At the Geothermal Energy Association conference (GEA) in New York, many compelling presentations conveyed the benefits of this relatively obscure renewable energy source. Its benefits go beyond simply limiting harmful emissions, which are largely associated with conventional energies. Geothermal energy supplies a consistent source of electricity, unlike some other renewable energies, which makes it attractive to investors. Despite high capital costs due to exploration of geothermal sources, operating costs for geothermal remain low. This is due to not requiring fuel after the power plant is constructed.
The high cost of renewable energy is a common argument against building such power plants in developed countries, and this misconception also keeps many investors away. Yet, at the GEA conference it was shown that even lesser developed countries, such as Kenya (202 MW of installed geothermal) and El Salvador(204 MW), have already begun to install significant amounts of geothermal. Furthermore, if the levelized cost of a power plant is taken into account, including capital and operating costs, geothermal energy is the cheapest source apart from wind; the latter being an intermittent source. One must wonder why many more developed countries have not yet taken to this kind of energy?

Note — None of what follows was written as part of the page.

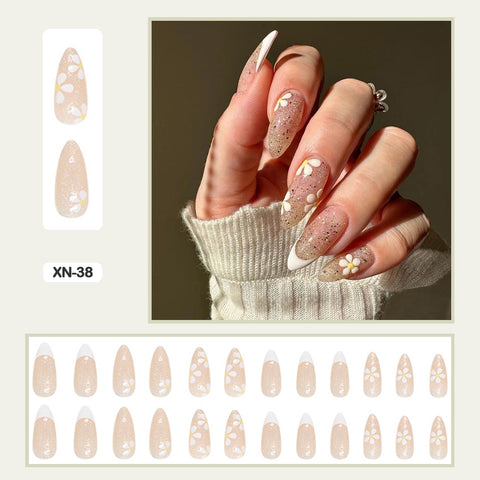 24pcs Fresh Lovely Pink Purple Blue Summer Flower Water Drop Shaped Fake Nails With Glue Wearable False Nails With Wearing Tools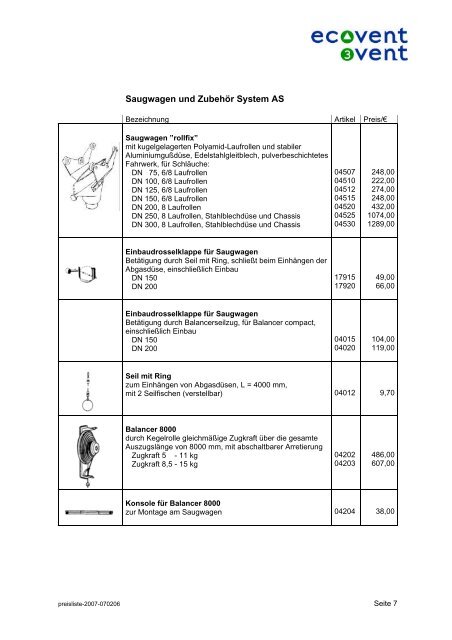 Preisliste - ecovent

Is it a Reliable Energy Source?
Geothermal energy is a renewable energy found abundantly around the globe. The technology takes advantage of the earth’s subterranean thermal energy. It has been used to produce heat for humans for thousands of years (think Roman bathhouses). Using geothermal energy for electricity began in Italy in 1904 in a plant in operation since then.
Today, twenty-four countries around the world employ geothermal energy to produce energy on a large scale. Total geothermal energy used worldwide is estimated to be 11,224 MW (GEA 2012). The top four countries utilizing geothermal are the U.S.(3,386 Megawatts), Philippines(1,904 MW), Indonesia(1,222 MW), Mexico(958), and Italy(883 MW). These numbers are not small considering it takes 1-2 Megawatts to power 1,000 homes. Yet, geothermal electrical energy in the U.S.only accounts for about 3% of all its renewable energy sources. However, an additional 5,150-5,523MW are under commission or “in the pipeline” (GEA estimate).